### [Your instructions]
Will you give the material below again, every line exactly as it is?

__________________________________________________

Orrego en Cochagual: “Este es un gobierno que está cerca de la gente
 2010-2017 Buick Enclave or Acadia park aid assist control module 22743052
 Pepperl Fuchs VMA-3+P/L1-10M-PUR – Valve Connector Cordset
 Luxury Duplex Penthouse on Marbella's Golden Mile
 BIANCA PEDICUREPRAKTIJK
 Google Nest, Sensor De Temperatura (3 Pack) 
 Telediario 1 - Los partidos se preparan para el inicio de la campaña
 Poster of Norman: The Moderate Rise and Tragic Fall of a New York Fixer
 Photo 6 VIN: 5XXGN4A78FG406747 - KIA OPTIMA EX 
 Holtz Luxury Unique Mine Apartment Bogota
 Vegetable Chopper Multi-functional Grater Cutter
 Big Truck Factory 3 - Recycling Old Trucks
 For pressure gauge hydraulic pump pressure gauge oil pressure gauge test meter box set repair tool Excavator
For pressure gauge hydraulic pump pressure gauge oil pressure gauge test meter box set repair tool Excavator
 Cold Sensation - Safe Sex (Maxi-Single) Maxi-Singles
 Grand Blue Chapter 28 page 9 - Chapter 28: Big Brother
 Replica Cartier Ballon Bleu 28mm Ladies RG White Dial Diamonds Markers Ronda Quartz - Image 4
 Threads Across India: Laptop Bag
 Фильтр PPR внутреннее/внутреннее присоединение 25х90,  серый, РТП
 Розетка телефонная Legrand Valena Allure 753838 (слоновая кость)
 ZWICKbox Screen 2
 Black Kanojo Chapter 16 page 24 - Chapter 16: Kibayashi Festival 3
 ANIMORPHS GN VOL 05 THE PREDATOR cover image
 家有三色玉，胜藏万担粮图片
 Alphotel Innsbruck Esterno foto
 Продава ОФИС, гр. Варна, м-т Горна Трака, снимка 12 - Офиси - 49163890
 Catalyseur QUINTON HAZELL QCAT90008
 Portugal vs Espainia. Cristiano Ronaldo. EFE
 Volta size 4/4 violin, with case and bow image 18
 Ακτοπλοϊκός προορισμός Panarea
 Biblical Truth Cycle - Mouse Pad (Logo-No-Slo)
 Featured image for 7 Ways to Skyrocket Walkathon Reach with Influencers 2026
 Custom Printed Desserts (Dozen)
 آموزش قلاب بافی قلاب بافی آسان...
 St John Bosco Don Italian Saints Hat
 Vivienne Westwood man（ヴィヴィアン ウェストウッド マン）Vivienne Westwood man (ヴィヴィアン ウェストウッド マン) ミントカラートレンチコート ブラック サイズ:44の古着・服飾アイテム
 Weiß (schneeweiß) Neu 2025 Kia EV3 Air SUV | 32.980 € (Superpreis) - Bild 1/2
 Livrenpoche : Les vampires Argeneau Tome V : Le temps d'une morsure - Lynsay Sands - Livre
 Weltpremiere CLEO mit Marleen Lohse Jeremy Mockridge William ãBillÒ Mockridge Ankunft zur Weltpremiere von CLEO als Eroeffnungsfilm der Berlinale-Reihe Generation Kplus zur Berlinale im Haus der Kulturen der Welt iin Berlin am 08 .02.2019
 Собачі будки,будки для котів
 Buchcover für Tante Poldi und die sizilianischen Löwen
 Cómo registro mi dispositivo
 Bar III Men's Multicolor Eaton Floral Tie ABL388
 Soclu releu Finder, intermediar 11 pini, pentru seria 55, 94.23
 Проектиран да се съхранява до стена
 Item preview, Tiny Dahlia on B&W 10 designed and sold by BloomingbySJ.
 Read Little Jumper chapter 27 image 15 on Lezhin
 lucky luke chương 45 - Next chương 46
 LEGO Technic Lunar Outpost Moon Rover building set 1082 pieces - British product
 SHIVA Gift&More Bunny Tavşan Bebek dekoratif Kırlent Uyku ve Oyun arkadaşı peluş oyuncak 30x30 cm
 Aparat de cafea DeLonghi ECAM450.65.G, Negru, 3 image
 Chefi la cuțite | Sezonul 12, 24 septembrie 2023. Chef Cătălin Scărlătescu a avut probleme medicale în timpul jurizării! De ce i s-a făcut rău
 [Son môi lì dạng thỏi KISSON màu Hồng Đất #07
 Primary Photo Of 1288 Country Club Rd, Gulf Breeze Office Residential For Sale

__________________________________________________

### [Answer space]
Orrego en Cochagual: “Este es un gobierno que está cerca de la gente
 2010-2017 Buick Enclave or Acadia park aid assist control module 22743052
 Pepperl Fuchs VMA-3+P/L1-10M-PUR – Valve Connector Cordset
 Luxury Duplex Penthouse on Marbella's Golden Mile
 BIANCA PEDICUREPRAKTIJK
 Google Nest, Sensor De Temperatura (3 Pack) 
 Telediario 1 - Los partidos se preparan para el inicio de la campaña
 Poster of Norman: The Moderate Rise and Tragic Fall of a New York Fixer
 Photo 6 VIN: 5XXGN4A78FG406747 - KIA OPTIMA EX 
 Holtz Luxury Unique Mine Apartment Bogota
 Vegetable Chopper Multi-functional Grater Cutter
 Big Truck Factory 3 - Recycling Old Trucks
 For pressure gauge hydraulic pump pressure gauge oil pressure gauge test meter box set repair tool Excavator
For pressure gauge hydraulic pump pressure gauge oil pressure gauge test meter box set repair tool Excavator
 Cold Sensation - Safe Sex (Maxi-Single) Maxi-Singles
 Grand Blue Chapter 28 page 9 - Chapter 28: Big Brother
 Replica Cartier Ballon Bleu 28mm Ladies RG White Dial Diamonds Markers Ronda Quartz - Image 4
 Threads Across India: Laptop Bag
 Фильтр PPR внутреннее/внутреннее присоединение 25х90,  серый, РТП
 Розетка телефонная Legrand Valena Allure 753838 (слоновая кость)
 ZWICKbox Screen 2
 Black Kanojo Chapter 16 page 24 - Chapter 16: Kibayashi Festival 3
 ANIMORPHS GN VOL 05 THE PREDATOR cover image
 家有三色玉，胜藏万担粮图片
 Alphotel Innsbruck Esterno foto
 Продава ОФИС, гр. Варна, м-т Горна Трака, снимка 12 - Офиси - 49163890
 Catalyseur QUINTON HAZELL QCAT90008
 Portugal vs Espainia. Cristiano Ronaldo. EFE
 Volta size 4/4 violin, with case and bow image 18
 Ακτοπλοϊκός προορισμός Panarea
 Biblical Truth Cycle - Mouse Pad (Logo-No-Slo)
 Featured image for 7 Ways to Skyrocket Walkathon Reach with Influencers 2026
 Custom Printed Desserts (Dozen)
 آموزش قلاب بافی قلاب بافی آسان...
 St John Bosco Don Italian Saints Hat
 Vivienne Westwood man（ヴィヴィアン ウェストウッド マン）Vivienne Westwood man (ヴィヴィアン ウェストウッド マン) ミントカラートレンチコート ブラック サイズ:44の古着・服飾アイテム
 Weiß (schneeweiß) Neu 2025 Kia EV3 Air SUV | 32.980 € (Superpreis) - Bild 1/2
 Livrenpoche : Les vampires Argeneau Tome V : Le temps d'une morsure - Lynsay Sands - Livre
 Weltpremiere CLEO mit Marleen Lohse Jeremy Mockridge William ãBillÒ Mockridge Ankunft zur Weltpremiere von CLEO als Eroeffnungsfilm der Berlinale-Reihe Generation Kplus zur Berlinale im Haus der Kulturen der Welt iin Berlin am 08 .02.2019
 Собачі будки,будки для котів
 Buchcover für Tante Poldi und die sizilianischen Löwen
 Cómo registro mi dispositivo
 Bar III Men's Multicolor Eaton Floral Tie ABL388
 Soclu releu Finder, intermediar 11 pini, pentru seria 55, 94.23
 Проектиран да се съхранява до стена
 Item preview, Tiny Dahlia on B&W 10 designed and sold by BloomingbySJ.
 Read Little Jumper chapter 27 image 15 on Lezhin
 lucky luke chương 45 - Next chương 46
 LEGO Technic Lunar Outpost Moon Rover building set 1082 pieces - British product
 SHIVA Gift&More Bunny Tavşan Bebek dekoratif Kırlent Uyku ve Oyun arkadaşı peluş oyuncak 30x30 cm
 Aparat de cafea DeLonghi ECAM450.65.G, Negru, 3 image
 Chefi la cuțite | Sezonul 12, 24 septembrie 2023. Chef Cătălin Scărlătescu a avut probleme medicale în timpul jurizării! De ce i s-a făcut rău
 [Son môi lì dạng thỏi KISSON màu Hồng Đất #07
 Primary Photo Of 1288 Country Club Rd, Gulf Breeze Office Residential For Sale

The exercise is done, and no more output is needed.